È Leonardo da Vinci il filo conduttore di questa caccia al tesoro intellettuale. Il genio toscano, secondo la ricostruzione proposta dal film, avrebbe disseminato indizi nella sua opera più celebre, l'Ultima Cena. La figura alla destra di Gesù non sarebbe Giovanni apostolo, ma proprio Maria Maddalena. La V formata dai loro corpi rappresenterebbe il simbolo del femminino sacro. Ogni particolare diventa prova, ogni ombra nasconde un significato.
Ron Howard confeziona un thriller da 148 minuti che non concede respiro, mescolando inseguimenti mozzafiato per le strade di Parigi e Londra a lezioni di storia dell'arte improvvisate, codici da decifrare e flashback che ricostruiscono duemila anni di presunti inganni ecclesiastici. La fotografia di Salvatore Totino trasforma chiese gotiche e sale rinascimentali in labirinti di luce e ombra, dove ogni angolo potrebbe nascondere la chiave del mistero definitivo.
Perché il codice da Vinci è stato fin dal primo giorno un campo di battaglia? La Chiesa cattolica ha condannato duramente sia il libro che il film, definendolo un'offesa alla fede e un tessuto di falsità storiche. L'Opus Dei ha minacciato azioni legali. Storici e critici d'arte hanno sottolineato le imprecisioni, le forzature, le interpretazioni fantasiose spacciate per fatti. Eppure il pubblico ha risposto con un successo clamoroso al botteghino, trasformando il film in uno dei maggiori incassi del 2006.

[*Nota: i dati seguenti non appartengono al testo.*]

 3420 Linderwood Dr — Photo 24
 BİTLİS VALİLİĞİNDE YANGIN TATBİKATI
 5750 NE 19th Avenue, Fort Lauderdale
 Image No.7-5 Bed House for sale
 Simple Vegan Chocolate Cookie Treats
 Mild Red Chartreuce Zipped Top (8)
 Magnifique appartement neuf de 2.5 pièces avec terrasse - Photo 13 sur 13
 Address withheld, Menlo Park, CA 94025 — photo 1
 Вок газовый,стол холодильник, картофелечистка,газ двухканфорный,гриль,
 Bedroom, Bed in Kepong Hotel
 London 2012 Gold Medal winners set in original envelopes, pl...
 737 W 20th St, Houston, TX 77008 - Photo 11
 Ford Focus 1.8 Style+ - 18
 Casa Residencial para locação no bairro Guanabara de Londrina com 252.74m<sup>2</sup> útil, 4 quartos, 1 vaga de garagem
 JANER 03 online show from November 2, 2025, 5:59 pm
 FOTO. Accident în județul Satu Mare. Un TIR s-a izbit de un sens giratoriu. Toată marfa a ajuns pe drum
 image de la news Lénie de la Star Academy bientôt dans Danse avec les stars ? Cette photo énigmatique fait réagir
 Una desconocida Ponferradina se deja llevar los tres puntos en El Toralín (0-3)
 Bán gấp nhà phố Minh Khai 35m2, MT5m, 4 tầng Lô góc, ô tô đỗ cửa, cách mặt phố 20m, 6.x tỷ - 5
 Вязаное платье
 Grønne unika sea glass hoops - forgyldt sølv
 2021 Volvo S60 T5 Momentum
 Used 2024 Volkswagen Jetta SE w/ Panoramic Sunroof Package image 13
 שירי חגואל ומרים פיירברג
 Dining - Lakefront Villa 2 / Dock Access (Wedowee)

La verità è che il codice da Vinci funziona proprio perché cavalca il fascino eterno del segreto proibito. Cosa succederebbe se tutto ciò che ci hanno insegnato fosse una bugia? Se i potenti avessero nascosto per secoli una verità scomoda? In un'epoca di complottismi dilaganti, la domanda risuona con una forza particolare. Howard lo sa, e costruisce il suo film come un'esperienza immersiva che trasforma lo spettatore in complice, in iniziato che finalmente accede a conoscenze riservate a pochi.
Il codice da Vinci resta un film divisivo, impossibile da ignorare. Un blockbuster che ha osato mettere in discussione dogmi millenari, trasformando quadri rinascimentali in mappe del tesoro e cattedrali gotiche in scenari di complotti secolari. Che si creda o meno alle teorie di Dan Brown, che si apprezzi o si detesti il risultato cinematografico, una cosa è certa: quel segreto nascosto tra le pennellate di Leonardo continua a esercitare un fascino irresistibile, a distanza di anni dalla sua rivelazione sugli schermi di tutto il mondo.